Fuchs (2012) argues that under capitalism, the aspect of privacy is simply considered as an antagonistic value which despite being regarded as a universal value in protecting private property has been greatly undermined by corporate and state agencies which are only interested for capital accumulation. While capitalism is centered on protecting privacy for companies and the rich, it has opted to violate the privacy of citizens and consumers. In the context of Facebook, it ought to be considered that the concept of privacy should be advanced to citizens and consumers from corporate surveillance. Stated differently, personal data should not be disclosed to third parties without the consumer’s knowledge and consent. These privacy values have been ignored by Facebook.
According to Marx (1867), individuals are exploited when they are not paid for their labour. With considerations that it is the user’s sharing and works that makes Facebook valuable and a digital goldmine, it is important that the users should be paid some commission out of the enormous profits generated. Indeed, it is a cause for concern that users who make Facebook what it is are not valued or given anything to compensate for their efforts. Another consideration that should be made is that Facebook users are not given any monetary rewards for their contribution to the site which includes socialization and self expression. Social attention and personal connection could be considered as a form of currency. According to Marx, workers should be compensated according to the value they bring to the employer. As it stands now, this is not the case for Facebook users as no user is paid any some despite their contribution being valuable to the company.

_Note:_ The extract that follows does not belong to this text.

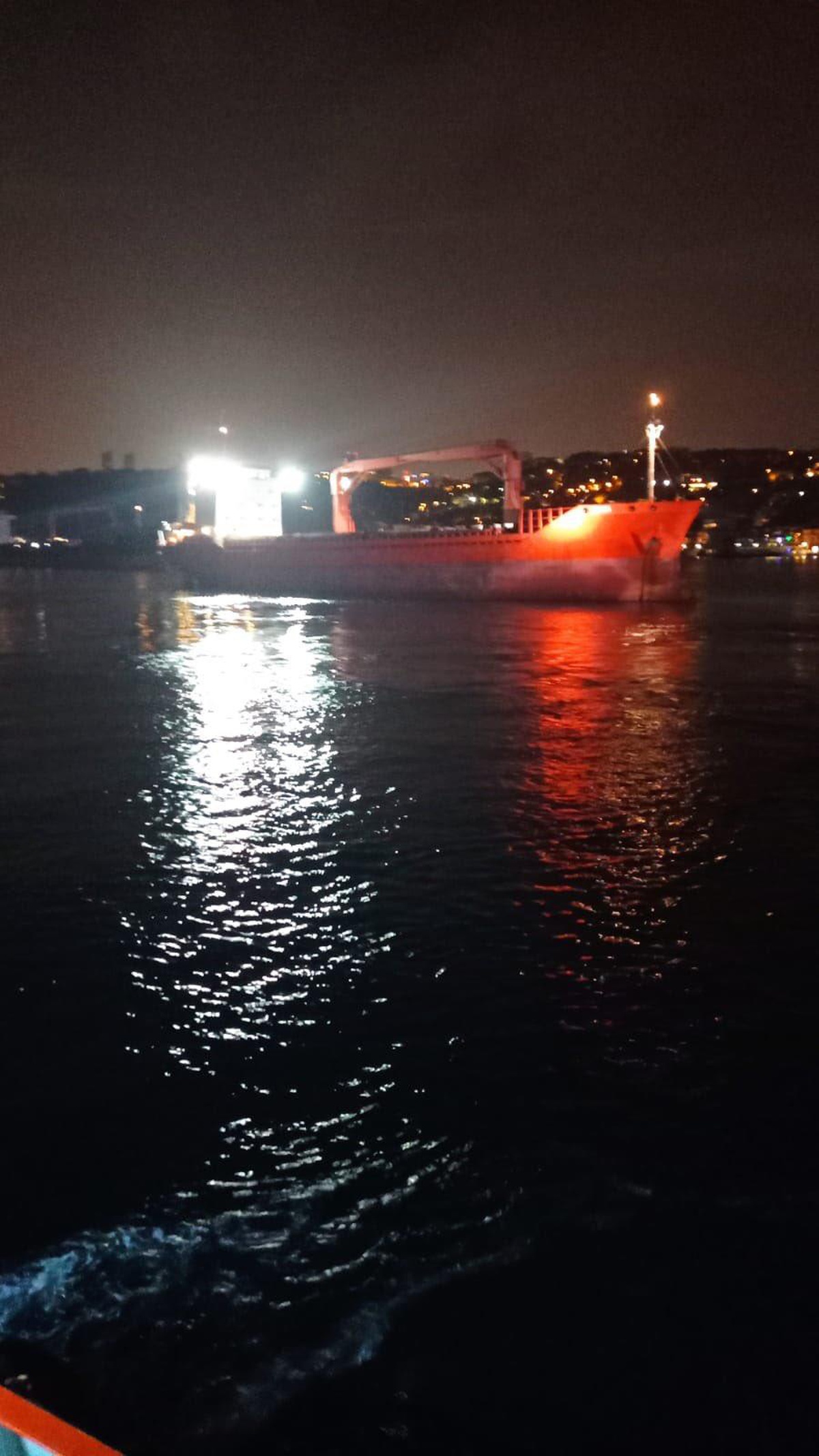 İstanbul Boğazı\'nda gemi trafiği askıya alındı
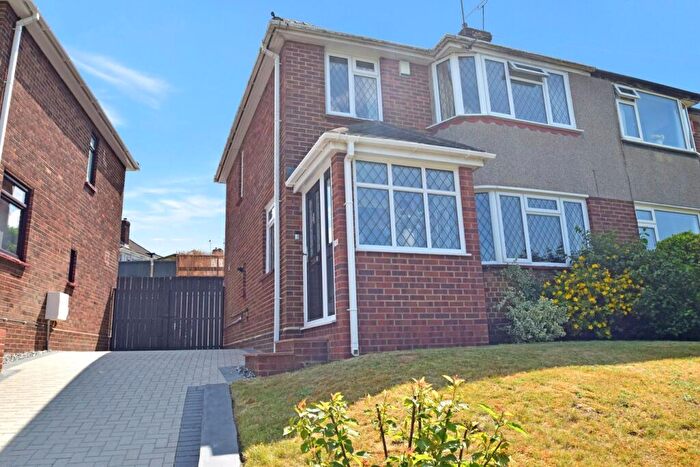 3 Bedroom Semi-Detached House For Sale In Vale Drive, Chatham, ME5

The aspect of exploitation came into the limelight some two hundred years ago after being introduced by Karl Marx. Marx (1990) presumes that value is established through labour and despite many people acknowledging that value can be created by other factors other than labour, it is important to presume that labour is simply one of the various sources of value if we have to consider the argument by Marx. Marx reiterates that human beings harbour an essential natural relationship to the benefit of our labour and that the work done by them is a definite part of what they are. The current capitalist society greatly differs from other historic period since unlike in the past, workers are able to sell their labour in exchange with money. This is opposed to making objects which are then changed for other objects. The capitalists generate money by exploiting the value that is created out of the worker’s labour to the sense that the final wages received by a worker is only a small percentage of the general value that the worker has created. Consequently, the portion of the value that the worker has created which is not eventually returned to the same worker after recovering operational costs is considered as the exploitation rate.
In essence, the business model surrounding Facebook is based on using the value created by users in generating revenue. It could be relevant if the management of Facebook recognized this value and gave some form of monetary rewards to these users as part of its duty. As it stands now, there is exploitation of users since their time, data, information and effort is used and not paid.